30 Eylül 2013 Pazartesi

BURSA DA TAV'LANDIM !




  
  
Bugün keyifsiz ve iştahsız bir gün yaşamaktaydım. 

 Ruh halimi yuzseksen derece değiştiren, beni kendime getirmekle kalmayıp, gözlerimi yuvalarından fırlatıp, eşsiz bir görselin tam ortasına atan,
'' Rüyadayım! Hayır, Cennetteyim!  Hayal ettiğim ve hayalimin gerçek olduğu bir bahçedeyim. Kayboldum, eridim, bittim.'' Dedirten,
Bu cennet mekandan içeri doğru ilerlerken,
Beni; birbirinden güzel  çiçekler, beyaz ferforjelerden yapılmış kamelyalar ve gökyüzünün karanlığını aydınlatan, küçük beyaz mum görüntülü avizeler karşıladı.
Etraftan  gözümü alamıyorum. Şaşkın bir ifadeyle  bahçeyi seyre dalıyorum. Tam o sırada, Şef Garson Osman Bey'in masama getirdiği, o leziz ara sıcaklara mı başlayayım ? Yoksa, bu büyülü bahçeyi seyretmeye mi devam edeyim?
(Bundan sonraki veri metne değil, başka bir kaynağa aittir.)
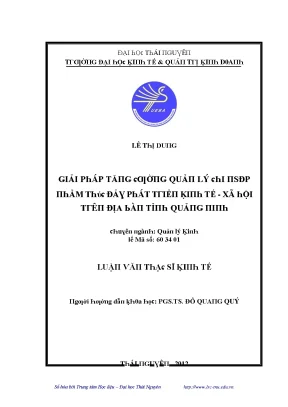 Luận văn giải pháp tăng cường quản lý chi ngân sách địa phương nhằm thúc đẩy phát triển kinh tế xã hội trên địa bàn tỉnh quảng ninh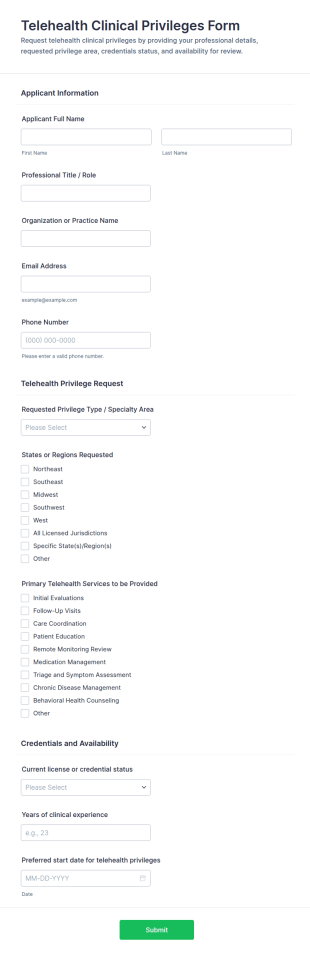 Telehealth Clinical Privileges Form Template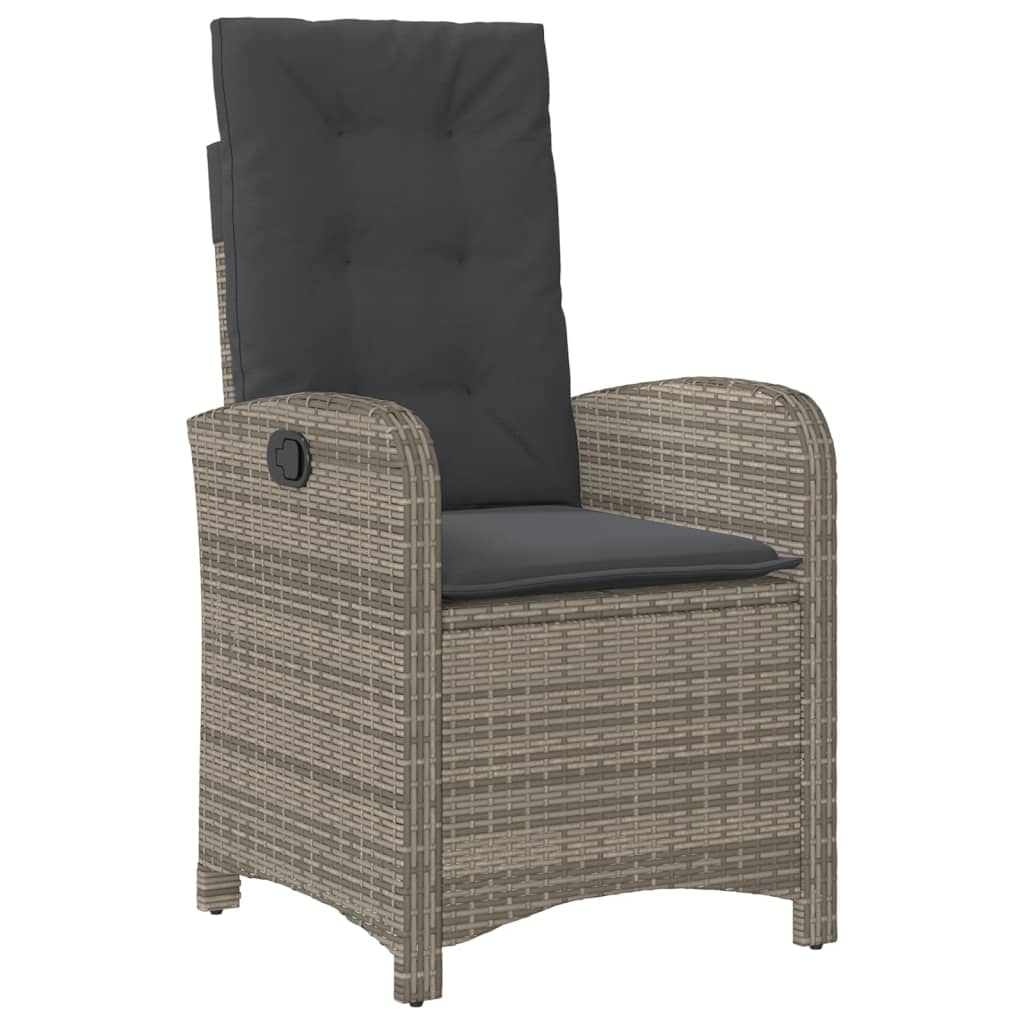 Set mobilier de gradina cu perne, 3 piese, gri, poliratan — imaginea 4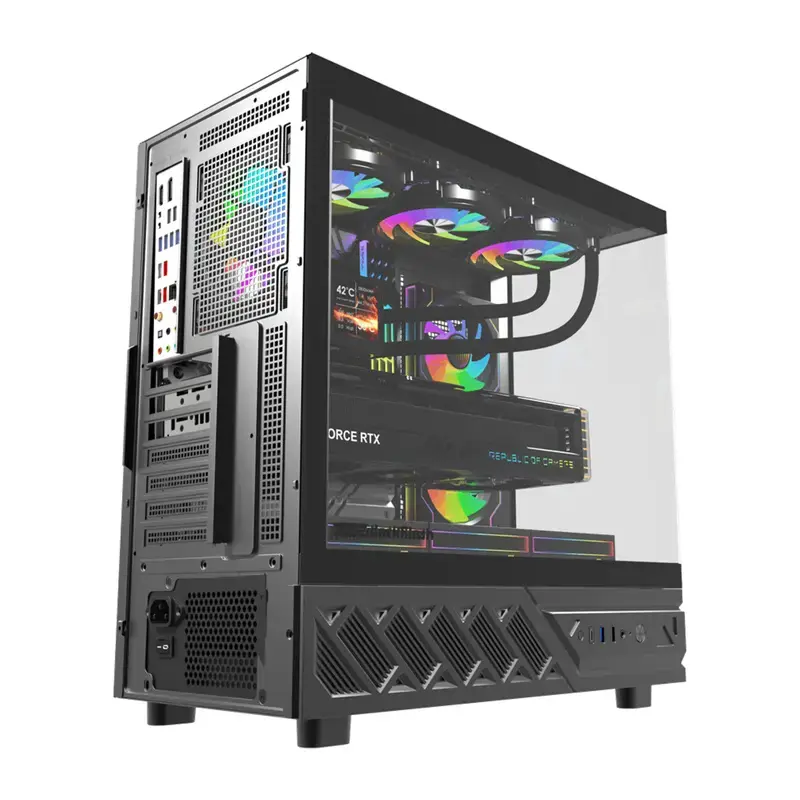 Caja de ordenador DarkFlash DS950V con pantalla frontal (negra) y 6 ventiladores preinstalados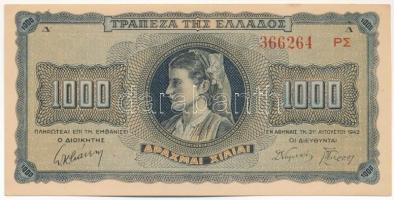 Görögország / Német megszállás 1942. 1000Dr T:AU / Greece / German occupation 1942. 1000 Drachmai C:AU Krause P#118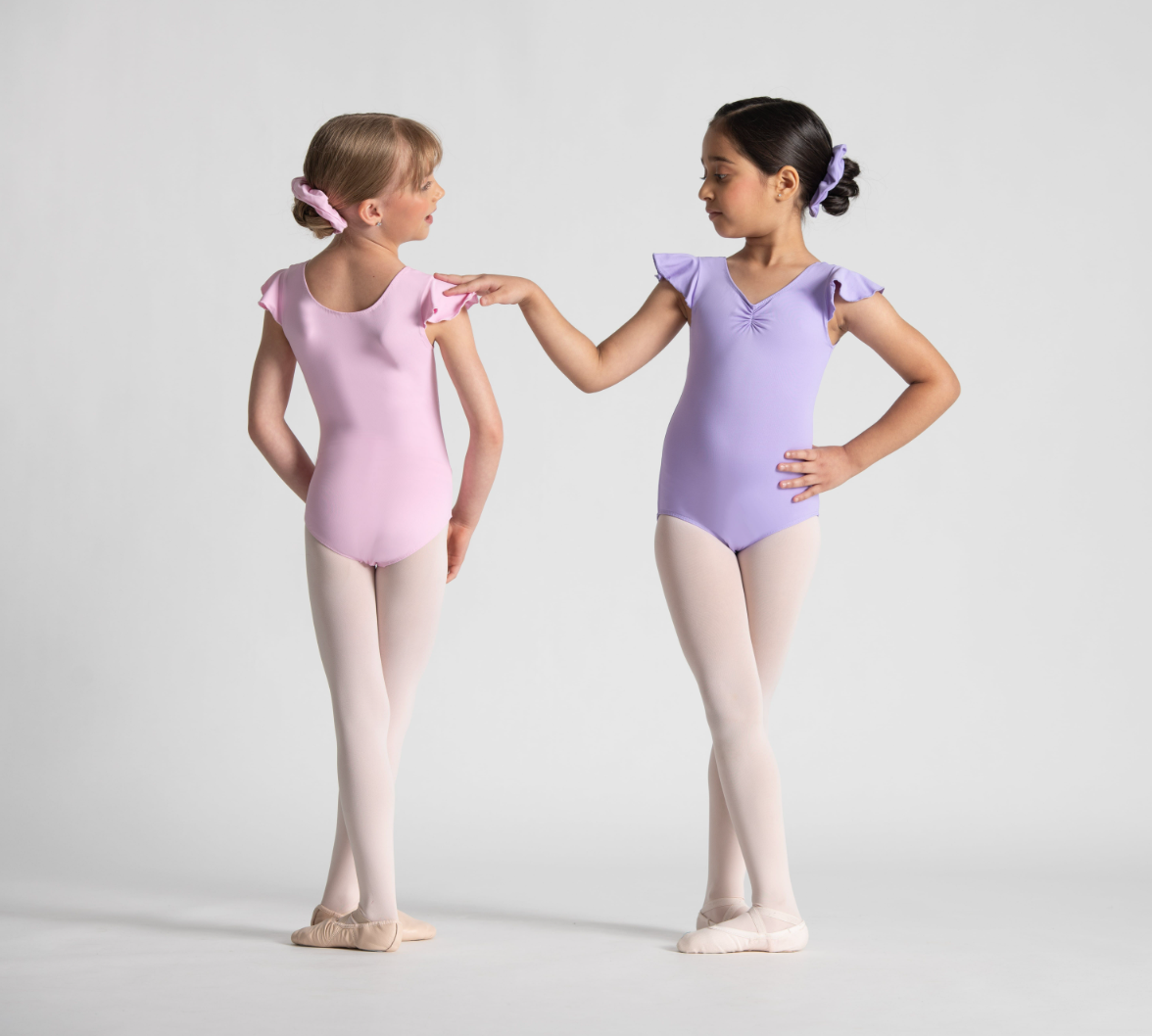 Girls Melodie Flutter Sleeve Leotard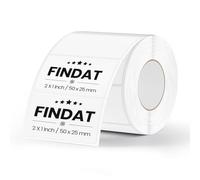 FINDAT Blanc Étiquette Thermique 50 X 25 mm Rouleau Vinyle Autocollant Étiquette d'imprimante Rectangulaire Imperméable pour le Bureau DIY Design Code à Barres ExpéDition 500 PièCes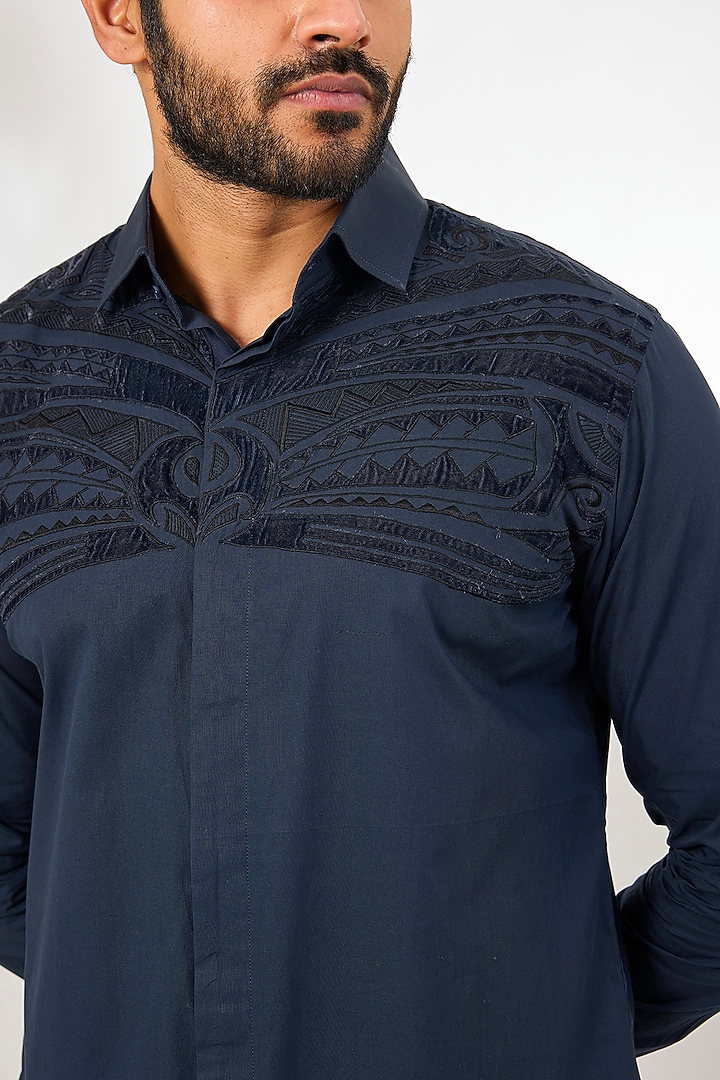 Navy Blue Cotton Thread Embroidered Party Wear Shirt by Arun Verma at Pernia's Pop Up Shop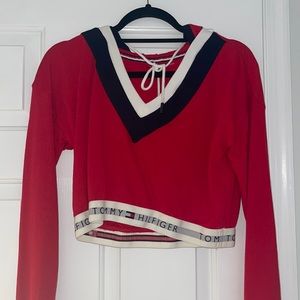 Tommy Hilfiger Red Cropped Sweatshirt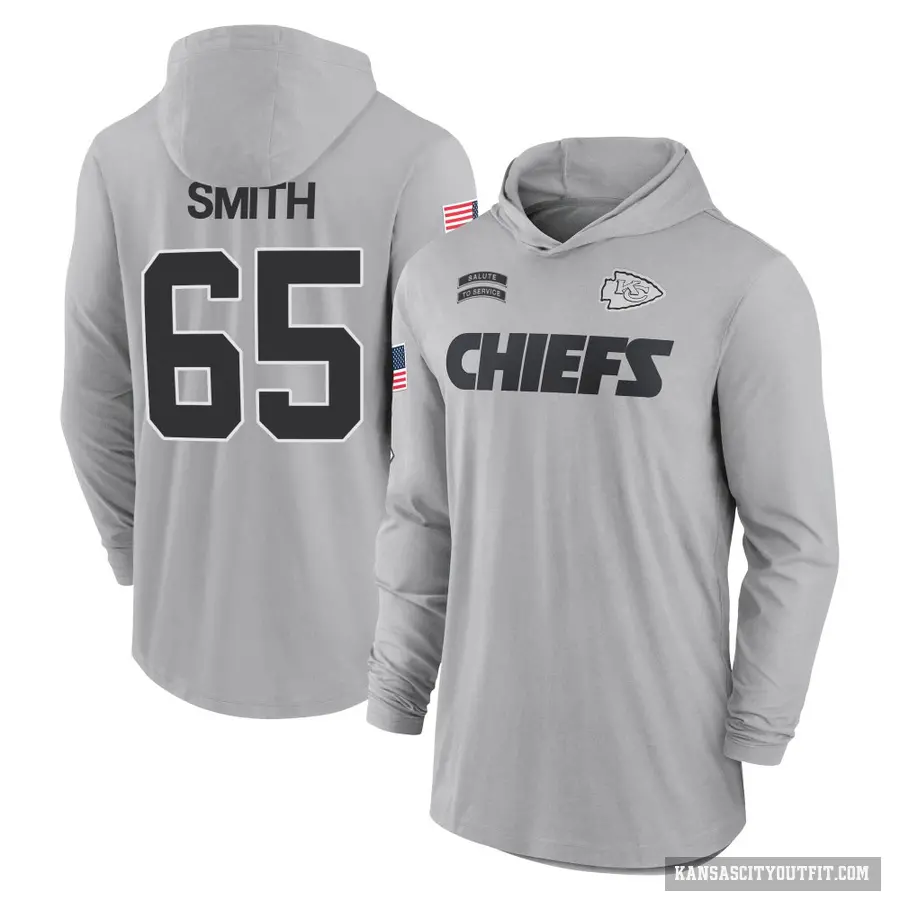 Youth ＃65 Trey Smith Kansas City Chiefs Gray 2024 Salute to Service Lightweight Performance Long Sleeve Hooded T-Shirt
Bilemedim.
  
Derken, bahçede gözüme çarpan en güzel detaylardan birine  takılı kalıyorum. İçeride,  bir kaç noktaya yayılmış,
  kulübeleri andıran, camlarla kaplı, envai çeşitte kuşun yer aldığı, devasal  kafeslere.  
Yuvalarında asılı olan iplere konan, birbirini öpen, sallanan ve ötüşen bu sevimli kuşlar beni kendilerine hayran bıraktılar.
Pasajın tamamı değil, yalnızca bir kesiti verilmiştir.